La guerre entre Israël et le Hamas risque d'avoir de « graves » conséquences économiques, a averti mardi le président de la Banque mondiale, Ajay Banga, lors d'une conférence d'investisseurs à Ryad en Arabie saoudite. Pour autant, les marchés semblent rester de marbre face aux évènements dramatiques qui se déroulent au Proche-Orient. Depuis l'attaque du Hamas, l'indice européen Stoxx 600 (600 premières capitalisations) a certes reculé de 2,23% et l'indice américain S&P 500 de 2,5%.
De fait, le climat est plutôt morose sur les marchés. « Le pandémonium semble bien décrire la situation de désordre et de chaos que nous connaissons du point de vue économique et géopolitique.

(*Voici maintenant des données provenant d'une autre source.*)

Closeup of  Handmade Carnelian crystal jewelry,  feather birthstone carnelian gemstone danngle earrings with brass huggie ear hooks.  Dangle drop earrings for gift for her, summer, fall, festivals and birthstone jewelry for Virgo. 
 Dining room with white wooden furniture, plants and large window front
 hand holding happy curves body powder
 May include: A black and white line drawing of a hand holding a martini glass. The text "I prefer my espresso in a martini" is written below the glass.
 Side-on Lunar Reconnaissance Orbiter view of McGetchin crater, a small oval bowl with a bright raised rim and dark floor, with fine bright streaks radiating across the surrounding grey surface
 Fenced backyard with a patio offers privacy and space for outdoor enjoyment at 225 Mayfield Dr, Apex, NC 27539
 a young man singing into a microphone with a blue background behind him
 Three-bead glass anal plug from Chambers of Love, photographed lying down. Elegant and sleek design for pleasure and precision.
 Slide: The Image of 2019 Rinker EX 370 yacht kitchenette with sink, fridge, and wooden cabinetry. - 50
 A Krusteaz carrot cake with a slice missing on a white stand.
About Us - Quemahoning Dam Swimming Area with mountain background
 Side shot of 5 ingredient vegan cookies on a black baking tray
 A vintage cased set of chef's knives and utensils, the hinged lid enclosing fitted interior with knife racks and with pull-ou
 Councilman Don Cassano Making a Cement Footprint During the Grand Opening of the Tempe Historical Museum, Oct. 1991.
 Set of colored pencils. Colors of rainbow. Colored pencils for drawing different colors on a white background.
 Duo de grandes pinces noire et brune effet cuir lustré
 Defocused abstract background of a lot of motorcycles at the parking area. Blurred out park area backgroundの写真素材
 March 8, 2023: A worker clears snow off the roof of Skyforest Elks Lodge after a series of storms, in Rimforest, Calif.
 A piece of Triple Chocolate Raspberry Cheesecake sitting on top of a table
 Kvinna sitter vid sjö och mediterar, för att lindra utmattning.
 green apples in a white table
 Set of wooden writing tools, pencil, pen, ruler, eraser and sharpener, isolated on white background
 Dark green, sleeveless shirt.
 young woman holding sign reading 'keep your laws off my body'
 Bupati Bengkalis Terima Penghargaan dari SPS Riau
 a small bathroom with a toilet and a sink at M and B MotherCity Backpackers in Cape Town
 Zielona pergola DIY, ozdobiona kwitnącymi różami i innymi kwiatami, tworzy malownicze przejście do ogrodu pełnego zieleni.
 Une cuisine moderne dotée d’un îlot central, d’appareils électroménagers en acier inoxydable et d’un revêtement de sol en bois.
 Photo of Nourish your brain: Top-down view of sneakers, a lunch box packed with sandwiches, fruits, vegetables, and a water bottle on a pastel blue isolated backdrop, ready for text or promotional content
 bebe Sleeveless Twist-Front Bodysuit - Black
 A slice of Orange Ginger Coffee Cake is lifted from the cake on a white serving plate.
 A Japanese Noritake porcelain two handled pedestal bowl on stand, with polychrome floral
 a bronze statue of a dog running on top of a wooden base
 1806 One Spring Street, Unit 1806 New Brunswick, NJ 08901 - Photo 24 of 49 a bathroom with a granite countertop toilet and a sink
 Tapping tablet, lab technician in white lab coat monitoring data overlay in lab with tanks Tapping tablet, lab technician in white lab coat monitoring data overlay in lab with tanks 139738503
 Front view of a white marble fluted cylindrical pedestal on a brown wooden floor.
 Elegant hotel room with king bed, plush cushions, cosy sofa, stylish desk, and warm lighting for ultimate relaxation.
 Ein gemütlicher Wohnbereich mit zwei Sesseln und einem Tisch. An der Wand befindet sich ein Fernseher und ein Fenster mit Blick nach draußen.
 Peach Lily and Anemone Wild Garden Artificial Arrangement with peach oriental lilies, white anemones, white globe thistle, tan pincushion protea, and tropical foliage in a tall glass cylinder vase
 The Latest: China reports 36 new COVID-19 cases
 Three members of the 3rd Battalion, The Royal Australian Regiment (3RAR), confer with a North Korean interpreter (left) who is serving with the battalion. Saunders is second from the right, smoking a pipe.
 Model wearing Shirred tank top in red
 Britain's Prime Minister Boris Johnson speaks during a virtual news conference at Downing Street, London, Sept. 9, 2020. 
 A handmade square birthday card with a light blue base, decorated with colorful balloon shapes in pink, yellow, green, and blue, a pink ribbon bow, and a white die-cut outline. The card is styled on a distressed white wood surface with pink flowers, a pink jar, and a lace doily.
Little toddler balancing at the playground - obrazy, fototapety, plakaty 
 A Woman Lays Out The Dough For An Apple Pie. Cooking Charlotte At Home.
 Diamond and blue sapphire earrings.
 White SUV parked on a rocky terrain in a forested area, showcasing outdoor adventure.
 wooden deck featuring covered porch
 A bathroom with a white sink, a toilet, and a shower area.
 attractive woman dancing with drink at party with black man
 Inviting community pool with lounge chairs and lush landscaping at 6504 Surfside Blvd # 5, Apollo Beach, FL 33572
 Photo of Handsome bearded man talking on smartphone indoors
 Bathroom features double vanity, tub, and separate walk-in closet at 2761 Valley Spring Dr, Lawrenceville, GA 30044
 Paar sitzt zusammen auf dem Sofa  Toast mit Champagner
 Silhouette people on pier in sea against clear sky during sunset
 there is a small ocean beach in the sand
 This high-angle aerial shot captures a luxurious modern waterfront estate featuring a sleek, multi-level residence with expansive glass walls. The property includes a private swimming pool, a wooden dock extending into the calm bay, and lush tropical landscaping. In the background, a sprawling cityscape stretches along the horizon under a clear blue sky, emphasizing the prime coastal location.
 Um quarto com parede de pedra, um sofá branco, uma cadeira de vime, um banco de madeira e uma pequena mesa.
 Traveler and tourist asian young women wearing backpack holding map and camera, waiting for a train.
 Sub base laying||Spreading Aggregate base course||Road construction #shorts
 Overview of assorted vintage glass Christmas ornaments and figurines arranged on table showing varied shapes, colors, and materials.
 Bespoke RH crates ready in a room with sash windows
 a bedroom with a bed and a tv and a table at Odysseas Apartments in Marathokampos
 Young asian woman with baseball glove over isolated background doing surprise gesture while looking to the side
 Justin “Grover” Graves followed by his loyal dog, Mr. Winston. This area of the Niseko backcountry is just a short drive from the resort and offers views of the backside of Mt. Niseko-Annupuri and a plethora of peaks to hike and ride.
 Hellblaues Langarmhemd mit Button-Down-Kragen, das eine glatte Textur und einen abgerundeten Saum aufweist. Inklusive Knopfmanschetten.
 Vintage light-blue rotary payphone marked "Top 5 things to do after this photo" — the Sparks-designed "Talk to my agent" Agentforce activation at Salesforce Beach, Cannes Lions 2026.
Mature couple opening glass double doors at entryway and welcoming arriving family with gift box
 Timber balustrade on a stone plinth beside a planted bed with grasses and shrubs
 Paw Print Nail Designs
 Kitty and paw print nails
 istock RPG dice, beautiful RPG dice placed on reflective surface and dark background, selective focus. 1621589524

Mais la situation macroéconomique est en réalité plus nuancée qu'elle ne paraît », estime Christopher Dembik, conseiller en stratégie d'investissement chez Pictet AM. Ce qui pourrait expliquer finalement la relative résilience des actions et des obligations face à la succession de chocs violents que nous vivons, y compris depuis l'invasion de l'Ukraine par la Russie. « La géopolitique a un impact souvent éphémère sur les marchés », note d'ailleurs l'économiste.
Les guerres sans impact sur la croissance
C'est d'ailleurs ce que constate une note de Brian Levitt, stratégiste marchés mondiaux chez Invesco. « Les actions ont enregistré des rendements importants au cours des douze mois qui ont suivi le pic du risque géopolitique », relève ainsi la note. Ainsi, le S&P 500 a grimpé de 35 % dans les 12 mois qui ont suivi la crise des missiles à Cuba (1962), de 27% dans la foulée de la guerre entre le Koweit et l'Irak (1990), de 22,6% après la guerre du Golfe (1991) ou de 35 % lors de la guerre entre les Etats-Unis et l'Irak (2003). Sur les dix crises majeures analysées depuis 1962, l'indice S&P 500 aura progressé en moyenne de près de 15 % au cours des 12 mois qui ont suivi.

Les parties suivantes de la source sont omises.